═══ Excerpted records

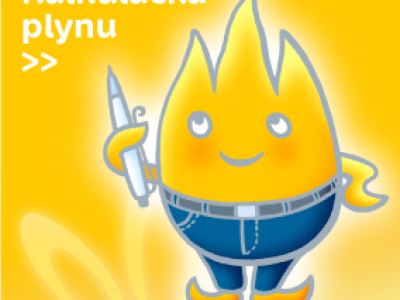 e-energie.cz - kalkulačka s porovnáním cen plynu a elektřiny – náhled webu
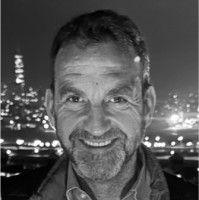 NextSystem Employee Robert Gausterer's profile photo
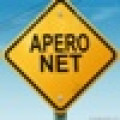 aperonet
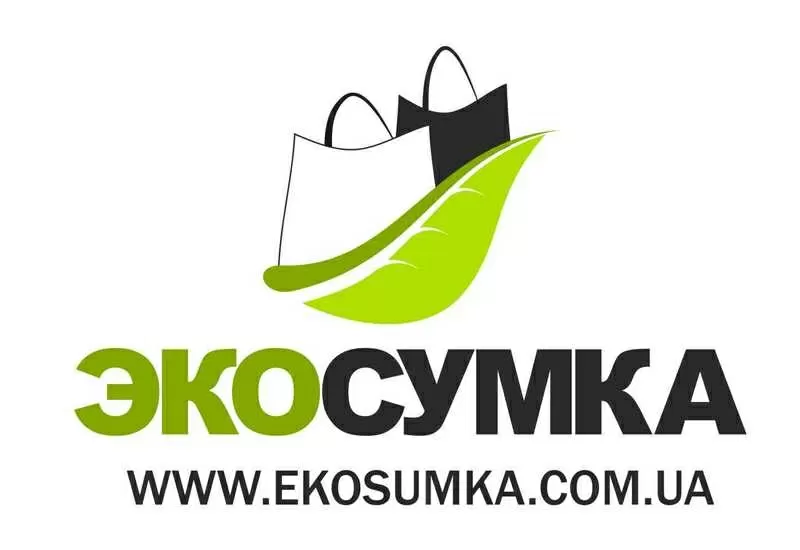 Сумки Рюкзаки Косметички Эко-сумки Чехлы Подарочные Мешочки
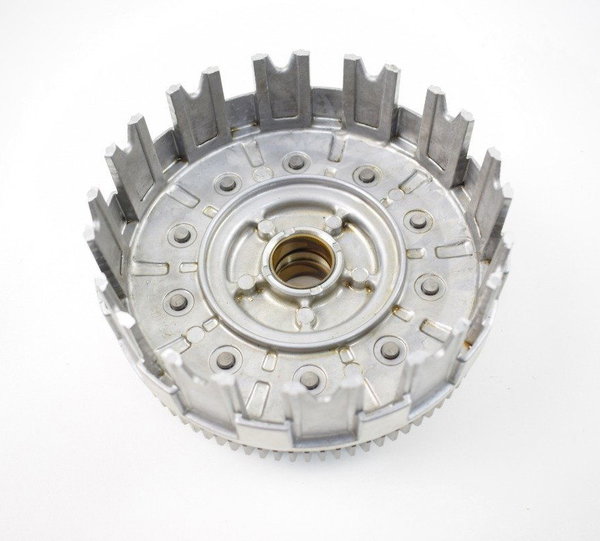 Campana Embreagem Yamaha V Max V-max 1200 Original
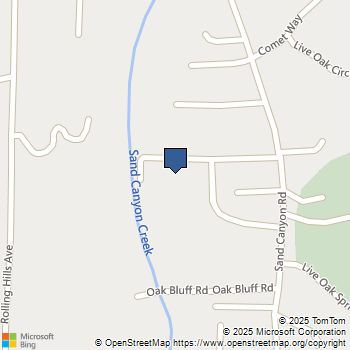 27767 Sand Canyon Road Canyon Country, CA MLS# SR25252234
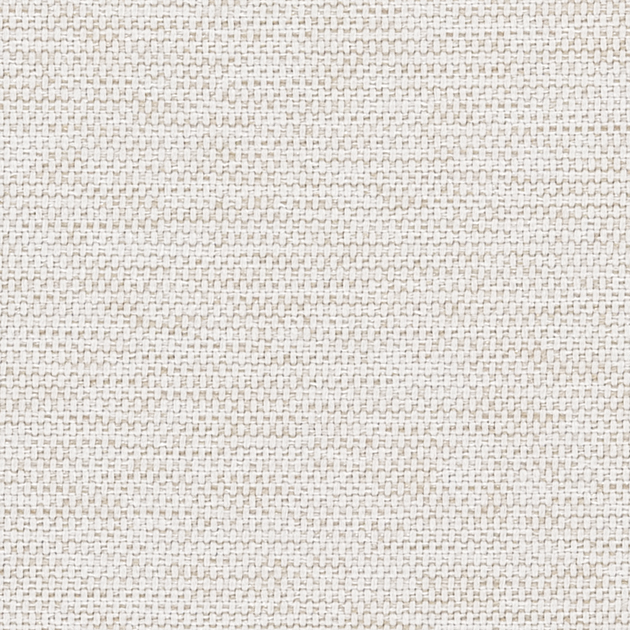 PK4418 | サンゲツ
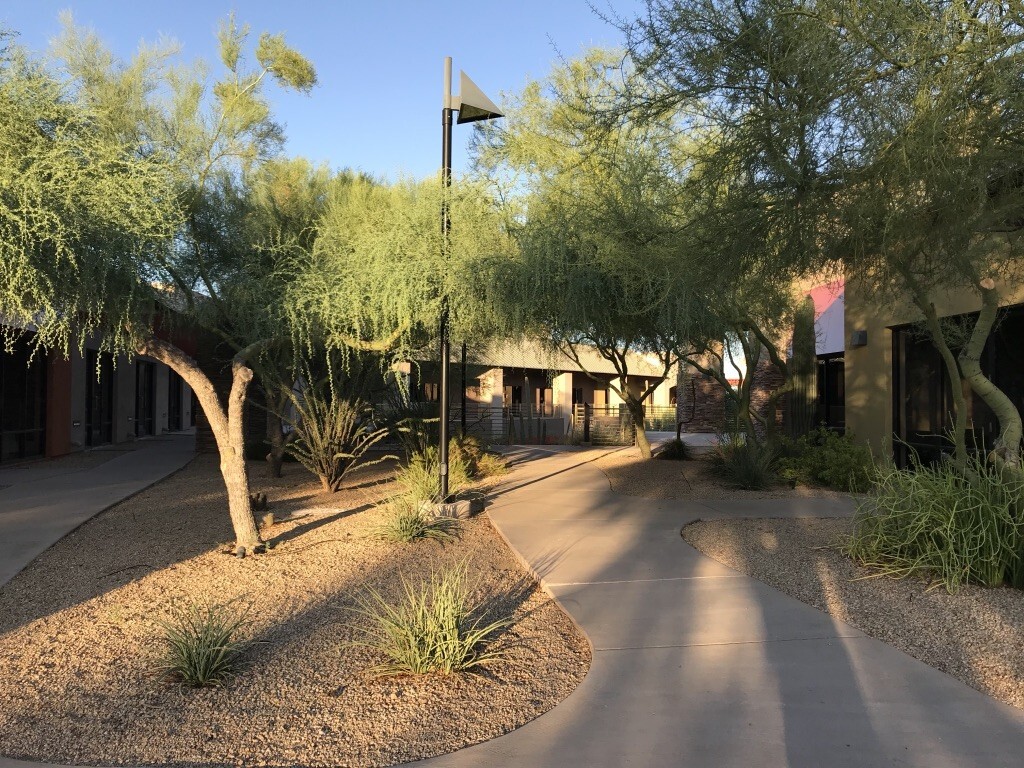 10045 E Dynamite Blvd, Scottsdale, AZ for Rent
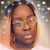Christine Austin's profile image
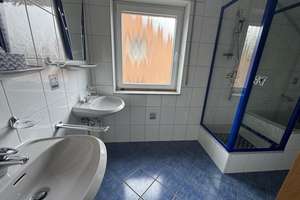 Schöne DHH mit Terrasse und Garten sowie Doppelgarage – Dammstraße 4, 41569 Rommerskirchen – Vorschaubild 23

══════

## Exercise objective:
Print every entry exactly as written, without the pictures.

## Written response:
 e-energie.cz - kalkulačka s porovnáním cen plynu a elektřiny – náhled webu
 NextSystem Employee Robert Gausterer's profile photo
 aperonet
 Сумки Рюкзаки Косметички Эко-сумки Чехлы Подарочные Мешочки
 Campana Embreagem Yamaha V Max V-max 1200 Original
 27767 Sand Canyon Road Canyon Country, CA MLS# SR25252234
 PK4418 | サンゲツ
 10045 E Dynamite Blvd, Scottsdale, AZ for Rent
Christine Austin's profile image
 Schöne DHH mit Terrasse und Garten sowie Doppelgarage – Dammstraße 4, 41569 Rommerskirchen – Vorschaubild 23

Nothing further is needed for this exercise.